Mit seinem Urteil vom 03.02.2021 (Az. VIII ZR 68/19) hat der Bundesgerichtshof entschieden, dass das hohe Alter eines Mieters oder eine lange Mietdauer noch keine Härte im Sinne des § 574 Abs. 1 S.1 BGB bedeuten, die der Kündigung des Vermieters entgegengehalten werden kann.
Die mittlerweile fast 90-jährige Beklagte mietete seit 1997 bei der Klägerin eine Wohnung. Die Klägerin, welche die Wohnung 2015 erworben hat, hat das Mietverhältnis wegen Eigenbedarfs gekündigt. Die Beklagte hat der Kündigung widersprochen und gem. § 574 BGB auf ihr hohes Alter und den beeinträchtigten Gesundheitszustand sowie eine langjährige Verwurzelung vor Ort verwiesen. Auf dieser Grundlage hat sie die Fortsetzung des Mietverhältnisses verlangt.

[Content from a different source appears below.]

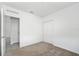 An interior bedroom view with a door, closet, and neutral carpet at 4224 Pebbles Throw Dr, Kissimmee, FL 34746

Der BGH hat der Rechtsauffassung der Vorinstanzen widersprochen, welche der Ansicht gewesen sind, dass die Beklagte einen Anspruch auf Fortsetzung des Mietverhältnisses für einen unbestimmten Zeitraum habe.
Allein das hohe Alter rechtfertigt noch keine Härte im Sinne des § 574 Abs. 1 S. 1 BGB. Denn dieses wirkt sich je nach Persönlichkeit und körperlicher sowie psychischer Verfassung unterschiedlich aus. Vielmehr müssen noch weitere Umstände hinzutreten. Insbesondere kann eine Härte zu bejahen sein, wenn zu den Umständen eines hohen Alters eine Verwurzelung aufgrund langer Mietdauer oder Erkrankungen des Mieters hinzukommen, aufgrund derer im Falle einer Aufgabe der Wohnung eine Verschlechterung seines gesundheitlichen Zustandes zu erwarten ist. Eine Entstehung hängt also maßgeblich von der individuellen Lebensführung des einzelnen Mieters ab. Die Mietdauer allein reicht für eine Verwurzelung nicht aus.
Der BGH hat das Urteil des Landgerichts aufgehoben und den Rechtsstreit zur weiteren Prüfung an das Gericht zurück verwiesen. Ein Sachverständigengutachten soll darüber aufklären, wie tief die Verwurzelung im Einzelfall geht.
Im Ergebnis darf bei einer Prüfung eines Härtefalls im Sinne des §574 BGB keine pauschale Kategorisierung durchgeführt werden. Vielmehr müssen die Umstände im Einzelfall festgestellt und im Anschluss daran die Interessen gegeneinander abgewogen werden.